We admire people who are experts in their fields and aren’t afraid to demonstrate (and share!) their knowledge with others. Respect is earned by those who are recognized for their efforts; this is how they assert their right to be heard and seen.

Being nice will not earn you respect. It takes a lot of effort to earn the respect of your coworkers, but the effort is well worth it. It is what will make executives take notice of you and recommend you for advancement.

How to Earn Respect

Here are a few pointers to help you gain respect at work:

  • Improve your self-esteem. This does not imply that you should become more aggressive, but rather more emphatic and confident. You should strive to develop a professional identity throughout your career. Never compromise or sell out on your identity because it is what will earn you respect.
  • Show others how you want to be treated. Others will be willing to extend the same courtesy to you if you treat them with respect. Learn how to bargain in relationships to get what you want. Allow yourself to train those around you to treat you with respect and dignity. Accepting aggressive, controlling, or bossy behaviors is the same as rewarding others for unacceptable attitudes.
  • Stop being concerned about what others will think. When making a critical decision, consider the implications for the business. Making a difficult decision will not make others dislike you if you pay attention to how you do it.
  • Accept responsibility for your errors. When you take on positions of responsibility, you will take risks and make mistakes. You will gain their respect if you dare to acknowledge them and show others what you’ve learned from them.
  • Men and women respond differently to different behaviors. According to a recent study, men who get angry tend to get more respect, higher status, and better job titles. They gain favor with others because their rage demonstrates that they care. Women’s anger elicits a completely different reaction because they are perceived as emotional beings. Women gain respect by remaining calm and rational in the face of extreme stress.
  • Use appropriate body language. You’d be surprised at how much influence body language has on our interactions. Check your body language before entering any situation to avoid leaning away, crossing your arms, or touching your face (or other parts of your body) — this conveys a lack of confidence and makes you appear less approachable.

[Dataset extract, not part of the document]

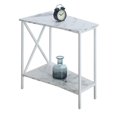 thumbnail image 1 of Convenience Concepts Table de Coin Tucson en Bois de Faux Marbre Blanc, 1 of 3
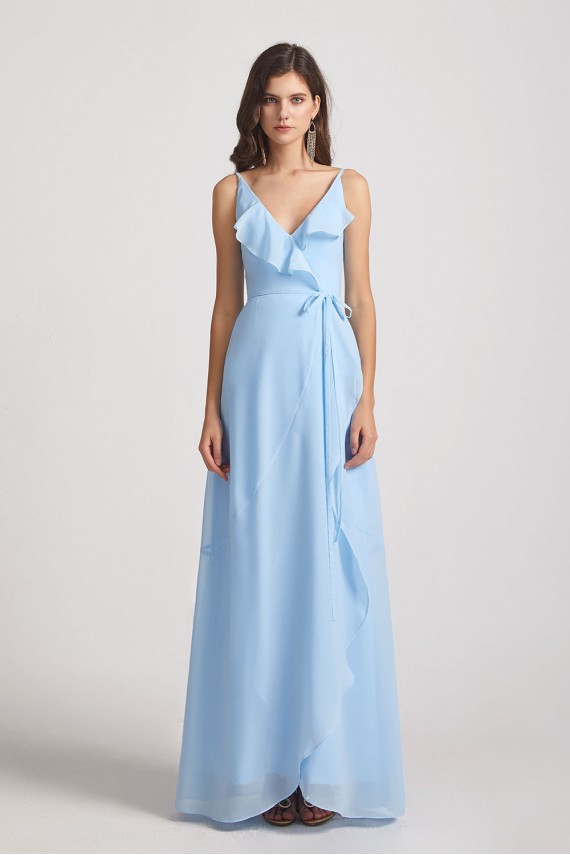 Maxi Wrap Singlet Bridesmaid Dresses with Tie Detail and Frills Canada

Are you liked and respected?

This is an issue that must be addressed. Some of you may be wondering why professionals can’t be both. They can, in fact. According to Forbes, we can be liked and respected by striking the right balance between strength (the source of respect) and warmth (the source of personal likability).

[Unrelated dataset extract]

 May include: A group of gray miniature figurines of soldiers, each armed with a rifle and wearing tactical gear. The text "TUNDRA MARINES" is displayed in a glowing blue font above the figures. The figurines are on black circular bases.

But can you imagine how much effort it takes to maintain this balance while also preparing for the inevitable pendulum effect?

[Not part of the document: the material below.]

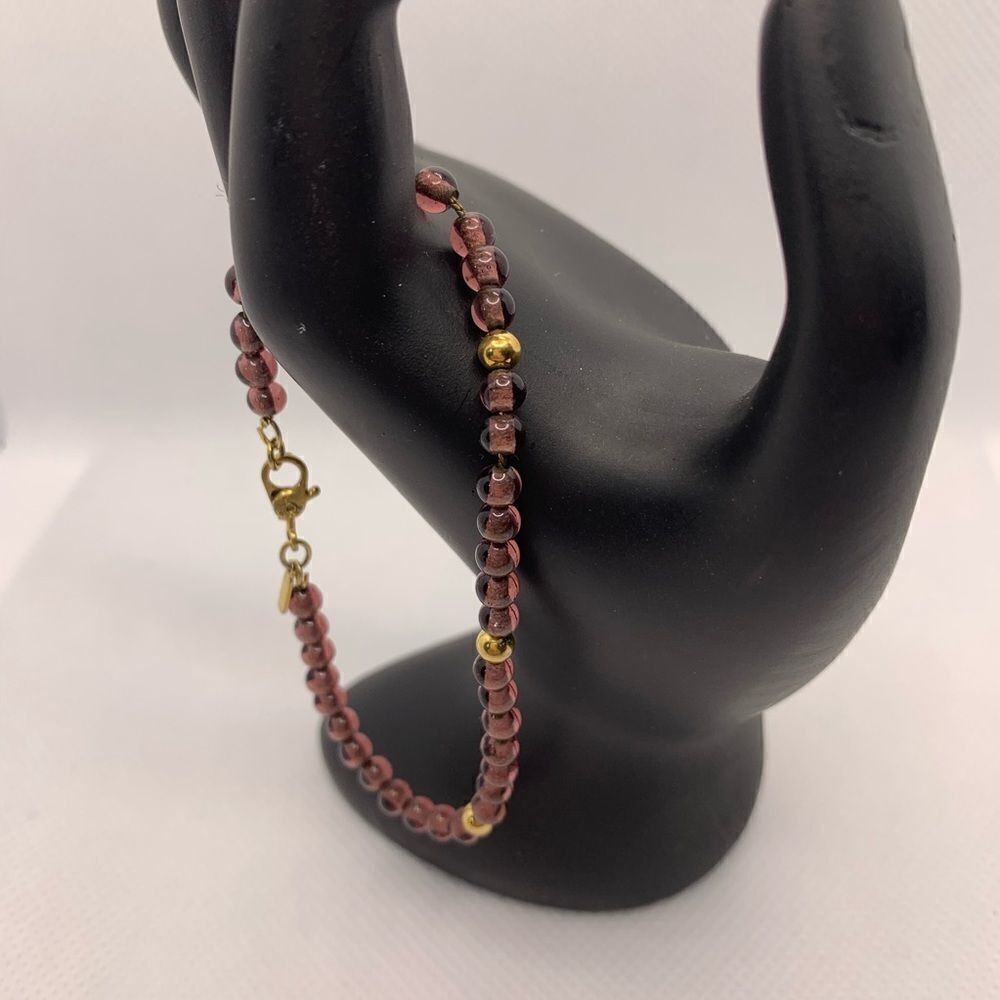 Monet Purple Glass Beaded Bracelet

We must also consider the issue in terms of gender. Being perceived as a person who does their job well clearly comes from a different place in men and women. It’s the same when it comes to that delicate balance of likability and respect.

For men, likeability and respect are positively correlated, while for women, they are negatively correlated. Women who are successful and good at their jobs usually pay a likability penalty, especially if they work in male-dominated fields.

Men appear to have a better chance of being liked and respected than women. Female professionals, as expected, will have to work much harder to maintain this balance, or they will be forced to choose one option over the other. According to our observations of women in executive positions, they prefer respect over likability.

Think About Your Reputation

When considering career advancement, you should always consider reputation. Consider the following questions:

  • What do I want to be known for?
  • What do I want to change about my reputation as I advance in my career?
  • In terms of reputation, what does my industry expect from professionals like me?
  • What kind of reputation will help me achieve my objectives?

Those are the kinds of questions you should be asking yourself on a regular basis. It’s the most effective way to ensure that you’re on the right track toward becoming the professional persona you want to be.